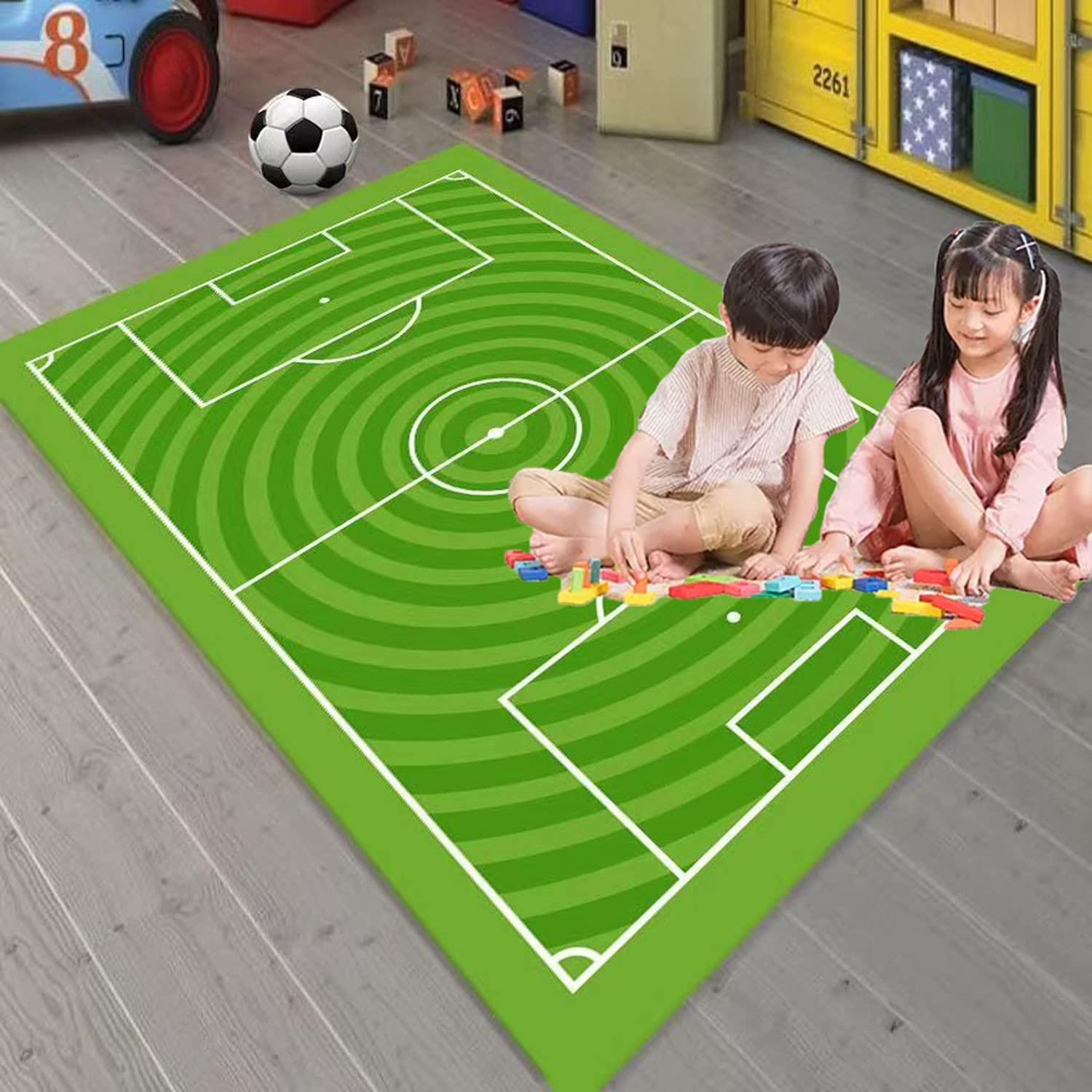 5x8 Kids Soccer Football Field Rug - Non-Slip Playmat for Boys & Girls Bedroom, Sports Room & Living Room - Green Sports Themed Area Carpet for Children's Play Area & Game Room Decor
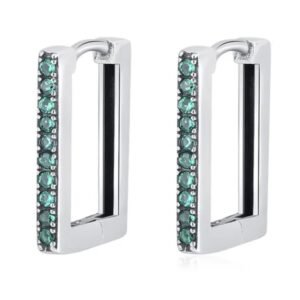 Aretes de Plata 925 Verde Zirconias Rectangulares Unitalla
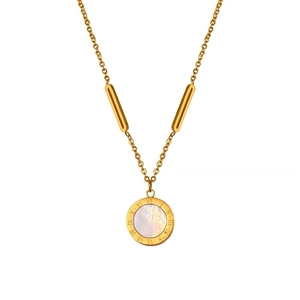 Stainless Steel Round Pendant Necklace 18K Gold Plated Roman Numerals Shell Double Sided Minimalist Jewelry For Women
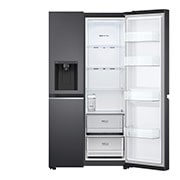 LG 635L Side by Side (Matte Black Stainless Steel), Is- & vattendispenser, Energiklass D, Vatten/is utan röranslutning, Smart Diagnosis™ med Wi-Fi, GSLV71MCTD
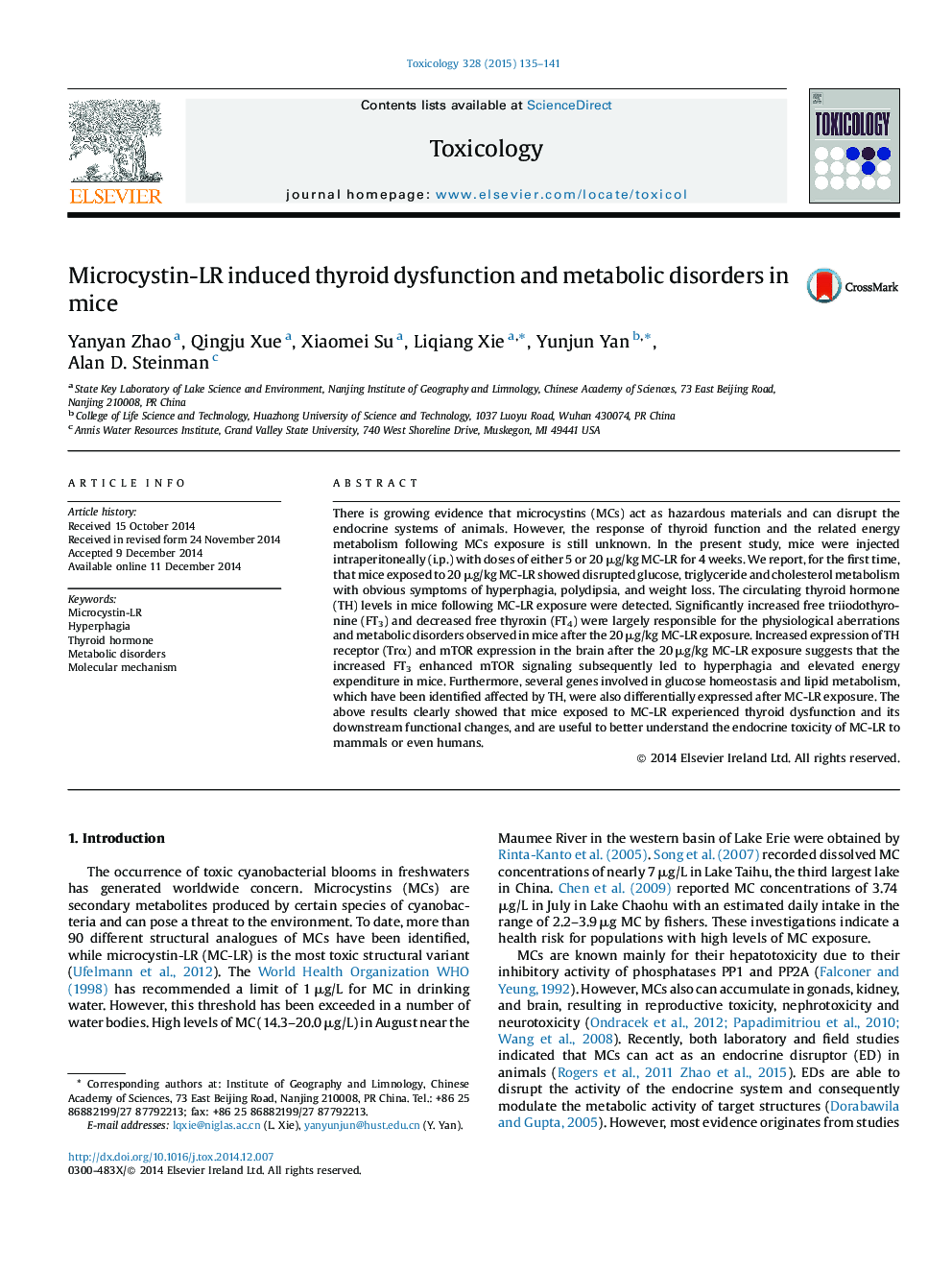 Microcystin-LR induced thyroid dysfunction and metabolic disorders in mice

-----

EXERCISE INSTRUCTIONS: Your answer should contain only the lines from the beginning of the listing above through the line with "Aretes de Plata", copied exactly and without the pictures.

ANSWER TO THIS EXERCISE:
 5x8 Kids Soccer Football Field Rug - Non-Slip Playmat for Boys & Girls Bedroom, Sports Room & Living Room - Green Sports Themed Area Carpet for Children's Play Area & Game Room Decor
 Aretes de Plata 925 Verde Zirconias Rectangulares Unitalla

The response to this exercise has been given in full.